Das Polizeipräsidium warnt eindringlich vor dem "Enkeltrick". Unter Vortäuschung eines Verwandtschaftsverhältnisses und einer angeblichen finanziellen Notlage, gelingt es Tätern immer wieder hohe Geldbeträge von oftmals älteren Mitmenschen zu erbeuten. Zum Schutz vor dieser perfiden Betrugsmasche und gibt die Polizei folgende Verhaltenstipps:

- Seien Sie misstrauisch, wenn sich jemand am Telefon nicht selbst mit Namen vorstellt.

- Geben Sie keine Details zu Ihren familiären oder finanziellen Verhältnissen preis.

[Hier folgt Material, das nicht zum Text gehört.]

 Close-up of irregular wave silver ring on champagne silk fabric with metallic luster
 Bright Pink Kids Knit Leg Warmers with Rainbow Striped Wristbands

- Legen Sie einfach den Telefonhörer auf, sobald Ihr Gesprächspartner Geld von Ihnen fordert.

- Vergewissern Sie sich, ob der Anrufer wirklich ein Verwandter ist: Rufen Sie die jeweilige Person unter der bisher bekannten Nummer an und lassen Sie sich den Sachverhalt bestätigen. Übergeben Sie niemals Geld an unbekannte Personen.

- Informieren Sie sofort die Polizei über die Notrufnummer 110, wenn Ihnen ein Anruf verdächtig vorkommt.

- Wenn Sie Opfer geworden sind: Wenden Sie sich an die Polizei und erstatten Sie Anzeige.

- Sprechen Sie mit ihren Angehörigen in der betroffenen Altersgruppe über das Phänomen. Weitere Informationen zum Phänomen "Enkeltrick" können Sie auch dem Internetauftritt der Kriminalprävention des Bundes und der Länder entnehmen:

www.polizei-beratung.de/themen-und-tipps/betrug/enkeltrick/

Dieser Beitrag wird vom Polizeipräsidium Mittelfranken bereitgestellt. inFranken.de hat den Beitrag nicht redaktionell geprüft.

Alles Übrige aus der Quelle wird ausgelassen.